After creating the triangle-graph \(G'\), we can find a subset of vertices \(S' \subset V'\) that correponds to a dense subgraph. As mentioned earlier, each vertex \(v \in S'\) represents a triangle t of the input graph G. Each triangle t is a set of three vertices. Intuitively, the union of the vertices of all the triangles that belong to the set \(S'\) will form a dense subgraph of G. To extract the set of vertices \(S'\), we can define a density measure and optimize it. A simple measure we can employ is the well-known degree density defined as \(d(S') = 2|E(S')|/|S'|\). However, the above function will not necessarily lead to subgraphs with high density. Consider the two graphs shown in Fig. 2. As can be seen from the Figure, the triangle-graphs emerging from the two input graphs are structurally equivalent, and hence, they have the same degree density. As a result, if the two graphs are components of a larger graph and there are no other subgraphs with higher value, they are equally likely solutions to the DS problem. However, it is obvious that the upper graph suits better our purpose, and we would like our algorithm to prefer this compared to the lower graph.

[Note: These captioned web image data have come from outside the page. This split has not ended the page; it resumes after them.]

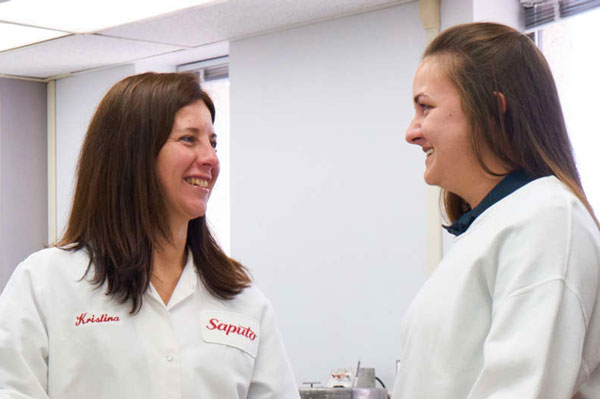 Saputo will transition production from its Lancaster facility to Reedsburg, along with that of its facility in Belmont, WI, the closure of which was previously announced
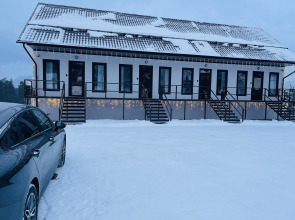 Апартаменты 4 на Лесном 6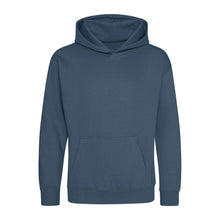 KIDS HOODIE – Airforce Blue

To account for this problem, we define a new density measure which we call the triangle-graph density.

Fig. 1.
figure 1

Example of an input graph (left) and the triangle-graph (right) created from it. There are 4 triangles in the input graph defined by the following triads of edges: (1, 2, 3), (3, 4, 5), (4, 7, 8) and (9, 10, 11). The first two as well as the second and third triangles have a common edge (edge 3 and edge 4 respectively). Hence, these pairs of triangles are connected with an edge in the triangle-graph. The fourth triangle does not share any edges with the other triangles, therefore, it has no adjacent edges in the triangle-graph.

Fig. 2.
figure 2

Two input graphs (left) and their triangle-graphs (right). The two triangle-graphs are structurally equivalent although the input graphs are not.

Definition 1

(Triangle-Graph Density). Given an undirected, unweighted graph \(G = (V,E)\), first construct its triangle graph \(G' = (V',E')\). For any \(S' \subseteq V'\), we define its triangle-graph density as \(f(S') = \frac{d(S')}{|S'|}\) where \(d(S') = \sum _{v \in S'} \min _{l \in L(v)} \big ( deg_{S'}(v,l) \big ), L(v)\) the set of labels of the edges adjacent to v (three labels at most), and \(deg_{S'}(v,l)\) the number of edges that are adjacent to v in the subgraph induced by \(S'\) and are assigned the label l.

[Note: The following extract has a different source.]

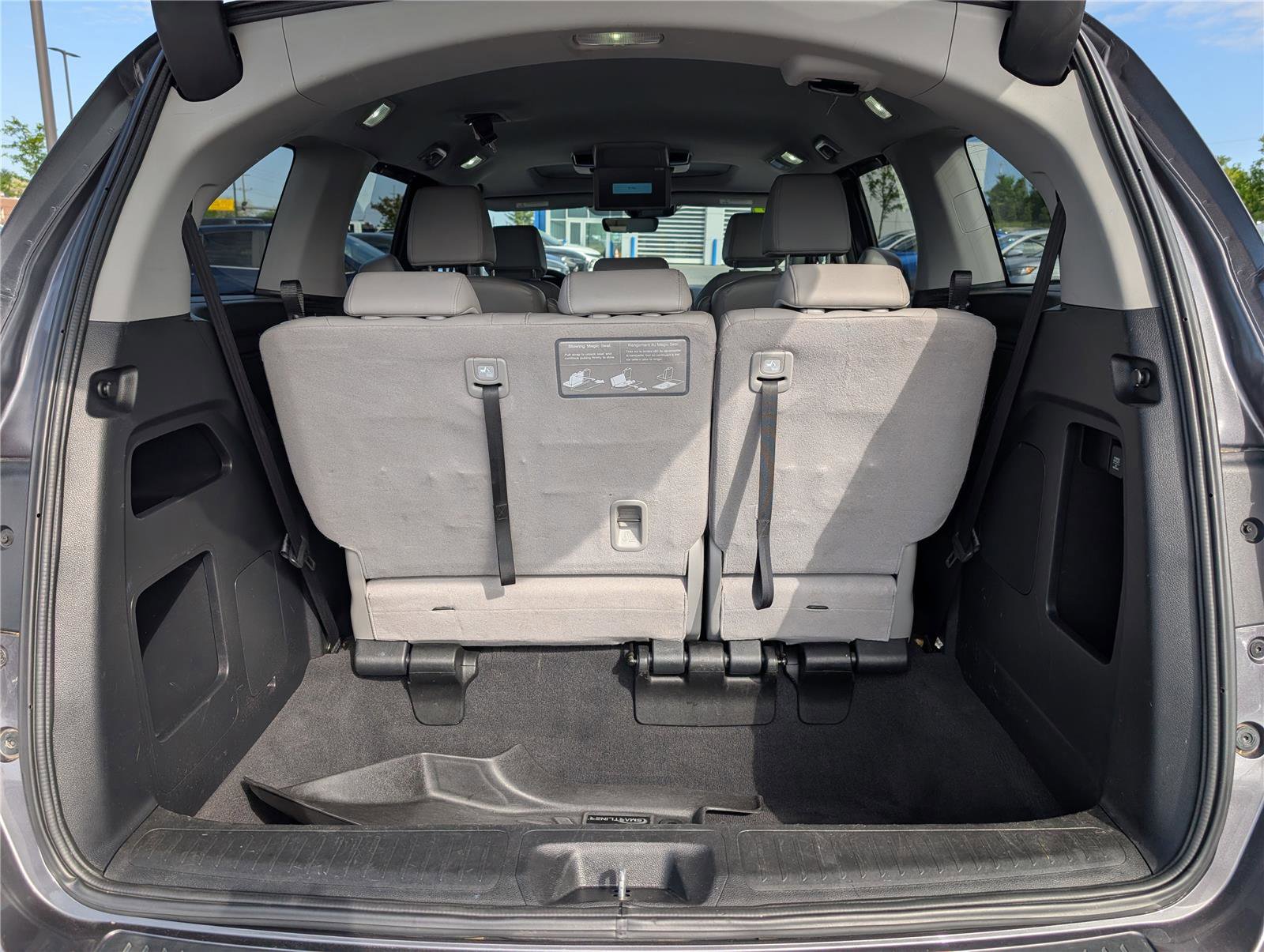 Used 2019 Honda Odyssey EX-L image 13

The triangle-graph density will allow the discovery of subgraphs with high values of density \(\delta \). This is due to the fact that for each triangle t in G, the function takes into account the number of neighbors from all three edges of t. If a triangle t corresponding to the vertex v in \(G'\) shares one of its edges with many other triangles, but the other two edges with no triangles, then \(\min _{l \in L(v)} \big ( deg_{S'}(v,l) \big ) = 0\). Therefore, even if t has many neighbors, it contributes nothing to the triangle-graph density. Triangle-graph density seeks for subgraphs whose vertices belong to edges which all consist of large sets of vertices. Cliques are natural candidates for maximizing the function since all their edges are shared between several triangles.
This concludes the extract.